Gage's talk on 18 October in Dharamsala — seat of the Tibetan government-in-exile since 1960 — kicked off a five-day private conference on ‘neuroplasticity’. Gage gave a general primer on the complexity of the nervous system, and then launched into a two-hour presentation of his research targeted at a lay audience. Next to him, the Dalai Lama listened intently, making occasional use of two interpreters to translate into Tibetan things he didn't immediately grasp in English. Also in the audience were the six other presenters and a handful of Buddhist monks.
Although the group did not come to any Earth-shattering conclusions about cognition, they did reach a higher understanding of each other, which was the main point of the exercise. For the monks, the sessions may help them deal with modern questions not addressed in traditional Buddhist teachings, such as the issue of the morality of stem-cell research (see page 666). Scientists in turn have plenty to learn from the monks — after centuries of inner contemplation, Buddhists claim to know a thing or two about how the mind behaves.
Richard Davidson, a psychologist at the University of Wisconsin, Madison, and the coordinator of the Dharamsala conference, has learned from the monks through study.

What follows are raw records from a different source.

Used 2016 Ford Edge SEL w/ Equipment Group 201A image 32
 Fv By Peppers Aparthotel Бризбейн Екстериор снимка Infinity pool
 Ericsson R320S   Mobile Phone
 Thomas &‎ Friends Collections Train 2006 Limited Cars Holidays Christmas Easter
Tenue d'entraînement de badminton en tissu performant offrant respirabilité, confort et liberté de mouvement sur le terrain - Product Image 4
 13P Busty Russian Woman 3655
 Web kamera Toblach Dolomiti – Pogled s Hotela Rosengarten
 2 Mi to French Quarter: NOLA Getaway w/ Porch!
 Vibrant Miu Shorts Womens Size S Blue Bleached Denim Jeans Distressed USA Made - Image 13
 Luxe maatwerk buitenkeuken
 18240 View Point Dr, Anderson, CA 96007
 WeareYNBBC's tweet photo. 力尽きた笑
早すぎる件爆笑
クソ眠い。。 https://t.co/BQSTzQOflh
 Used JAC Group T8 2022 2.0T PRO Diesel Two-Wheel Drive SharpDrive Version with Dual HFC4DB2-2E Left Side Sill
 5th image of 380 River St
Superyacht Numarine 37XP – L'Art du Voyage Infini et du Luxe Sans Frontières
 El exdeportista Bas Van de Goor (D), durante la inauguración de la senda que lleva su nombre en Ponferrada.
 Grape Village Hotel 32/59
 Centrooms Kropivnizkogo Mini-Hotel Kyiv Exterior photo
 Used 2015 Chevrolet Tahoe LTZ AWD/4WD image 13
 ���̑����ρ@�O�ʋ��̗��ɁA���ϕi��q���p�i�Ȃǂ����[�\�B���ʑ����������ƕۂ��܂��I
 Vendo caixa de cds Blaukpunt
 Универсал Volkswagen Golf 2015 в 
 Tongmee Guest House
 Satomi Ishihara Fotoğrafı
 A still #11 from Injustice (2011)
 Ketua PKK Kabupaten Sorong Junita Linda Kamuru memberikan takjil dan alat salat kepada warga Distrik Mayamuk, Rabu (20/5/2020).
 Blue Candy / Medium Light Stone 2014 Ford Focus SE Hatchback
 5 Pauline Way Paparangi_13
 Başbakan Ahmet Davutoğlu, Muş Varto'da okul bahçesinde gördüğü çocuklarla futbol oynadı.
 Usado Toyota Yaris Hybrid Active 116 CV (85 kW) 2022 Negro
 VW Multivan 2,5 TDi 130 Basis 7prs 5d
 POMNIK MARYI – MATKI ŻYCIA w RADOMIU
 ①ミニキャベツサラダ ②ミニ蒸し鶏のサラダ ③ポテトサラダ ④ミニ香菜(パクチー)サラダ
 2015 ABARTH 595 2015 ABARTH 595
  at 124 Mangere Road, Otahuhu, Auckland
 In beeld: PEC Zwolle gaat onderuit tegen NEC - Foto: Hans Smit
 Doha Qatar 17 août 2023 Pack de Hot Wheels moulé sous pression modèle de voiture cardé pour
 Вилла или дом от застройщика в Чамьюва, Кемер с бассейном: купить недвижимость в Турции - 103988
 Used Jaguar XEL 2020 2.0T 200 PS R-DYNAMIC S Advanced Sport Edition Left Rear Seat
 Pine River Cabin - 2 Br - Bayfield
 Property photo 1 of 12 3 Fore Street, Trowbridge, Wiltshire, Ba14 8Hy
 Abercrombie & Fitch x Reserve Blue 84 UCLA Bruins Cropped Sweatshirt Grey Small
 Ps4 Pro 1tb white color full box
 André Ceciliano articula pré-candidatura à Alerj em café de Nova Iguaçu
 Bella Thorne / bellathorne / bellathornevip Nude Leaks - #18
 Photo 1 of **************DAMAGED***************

He found that certain neural processes in the brain are more coordinated in people with extensive training in meditation, an observation that may be linked to the heightened awareness reported by meditating monks (A. Lutz et al. Proc. Natl Acad. Sci. USA 101, 16369–16373; 2004).
Gage says that what particularly impressed him was the Dalai Lama's empirical approach. “At one point I asked: ‘What if neuroscience comes up with information that directly contradicts Buddhist philosophy?’,” says Gage. “The answer was: ‘Then we would have to change the philosophy to match the science’.”
So far that hasn't been necessary. And if the reported benefits of laughter are correct, there is no need for the Dalai Lama to rein in his sense of humour either. During a discussion of how our childhoods shape who we are, he observed that he liked to play with toy guns as a child and even picked on his brother. “I was the mean one,” he said, thereby stabilizing blood sugar levels throughout the room.